MATERIAL SUPPLIED below:
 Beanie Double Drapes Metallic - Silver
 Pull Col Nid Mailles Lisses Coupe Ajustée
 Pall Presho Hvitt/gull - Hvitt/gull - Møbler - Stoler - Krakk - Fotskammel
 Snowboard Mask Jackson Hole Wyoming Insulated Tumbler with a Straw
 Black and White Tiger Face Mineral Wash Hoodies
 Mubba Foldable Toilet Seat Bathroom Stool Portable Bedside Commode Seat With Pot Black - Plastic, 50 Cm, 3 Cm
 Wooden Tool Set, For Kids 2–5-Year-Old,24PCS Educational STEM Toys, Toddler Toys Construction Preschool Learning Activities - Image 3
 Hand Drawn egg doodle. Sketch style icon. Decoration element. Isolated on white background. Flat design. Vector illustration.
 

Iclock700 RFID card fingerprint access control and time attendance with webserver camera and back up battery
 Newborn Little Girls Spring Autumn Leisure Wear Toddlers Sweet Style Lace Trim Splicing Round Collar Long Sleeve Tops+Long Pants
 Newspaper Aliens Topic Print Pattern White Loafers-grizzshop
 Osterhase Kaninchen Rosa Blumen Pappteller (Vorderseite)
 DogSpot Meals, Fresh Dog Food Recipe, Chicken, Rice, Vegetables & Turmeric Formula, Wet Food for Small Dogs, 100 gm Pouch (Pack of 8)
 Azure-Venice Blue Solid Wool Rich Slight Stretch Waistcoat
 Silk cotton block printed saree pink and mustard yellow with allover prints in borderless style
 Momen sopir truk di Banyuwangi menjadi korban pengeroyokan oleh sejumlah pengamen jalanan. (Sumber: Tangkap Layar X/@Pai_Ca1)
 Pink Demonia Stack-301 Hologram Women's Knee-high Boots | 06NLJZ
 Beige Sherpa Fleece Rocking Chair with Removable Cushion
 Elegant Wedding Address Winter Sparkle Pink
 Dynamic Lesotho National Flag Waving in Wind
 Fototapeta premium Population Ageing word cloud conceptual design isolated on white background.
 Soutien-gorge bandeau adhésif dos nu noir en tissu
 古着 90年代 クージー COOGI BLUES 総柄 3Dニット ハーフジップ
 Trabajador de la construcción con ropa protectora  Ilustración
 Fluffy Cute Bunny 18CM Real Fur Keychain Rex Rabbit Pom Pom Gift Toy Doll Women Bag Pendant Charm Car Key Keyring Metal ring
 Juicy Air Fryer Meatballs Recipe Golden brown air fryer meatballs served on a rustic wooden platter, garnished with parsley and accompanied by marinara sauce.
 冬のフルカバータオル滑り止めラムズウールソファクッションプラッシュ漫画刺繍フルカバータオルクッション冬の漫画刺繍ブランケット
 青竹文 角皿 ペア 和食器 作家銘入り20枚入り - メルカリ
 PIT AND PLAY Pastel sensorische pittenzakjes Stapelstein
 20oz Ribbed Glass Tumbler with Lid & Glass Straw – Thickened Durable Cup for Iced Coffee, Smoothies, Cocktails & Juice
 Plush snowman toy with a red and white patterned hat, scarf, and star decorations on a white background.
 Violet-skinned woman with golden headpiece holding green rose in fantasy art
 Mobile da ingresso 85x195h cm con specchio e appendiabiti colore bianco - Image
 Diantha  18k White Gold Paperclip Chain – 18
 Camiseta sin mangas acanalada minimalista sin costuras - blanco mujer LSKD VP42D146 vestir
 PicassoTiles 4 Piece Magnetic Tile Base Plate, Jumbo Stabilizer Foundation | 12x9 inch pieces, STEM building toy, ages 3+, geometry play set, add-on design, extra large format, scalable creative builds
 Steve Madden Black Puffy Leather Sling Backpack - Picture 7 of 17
End of MATERIAL SUPPLIED.
Would you please repeat exactly the lines above, starting at the line with "Pull Col Nid Mailles Lisses Coupe Ajustée" and stopping at the line with "Hand Drawn egg", both included?

PROBLEM SOLUTION:
 Pull Col Nid Mailles Lisses Coupe Ajustée
 Pall Presho Hvitt/gull - Hvitt/gull - Møbler - Stoler - Krakk - Fotskammel
 Snowboard Mask Jackson Hole Wyoming Insulated Tumbler with a Straw
 Black and White Tiger Face Mineral Wash Hoodies
 Mubba Foldable Toilet Seat Bathroom Stool Portable Bedside Commode Seat With Pot Black - Plastic, 50 Cm, 3 Cm
 Wooden Tool Set, For Kids 2–5-Year-Old,24PCS Educational STEM Toys, Toddler Toys Construction Preschool Learning Activities - Image 3
 Hand Drawn egg doodle. Sketch style icon. Decoration element. Isolated on white background. Flat design. Vector illustration.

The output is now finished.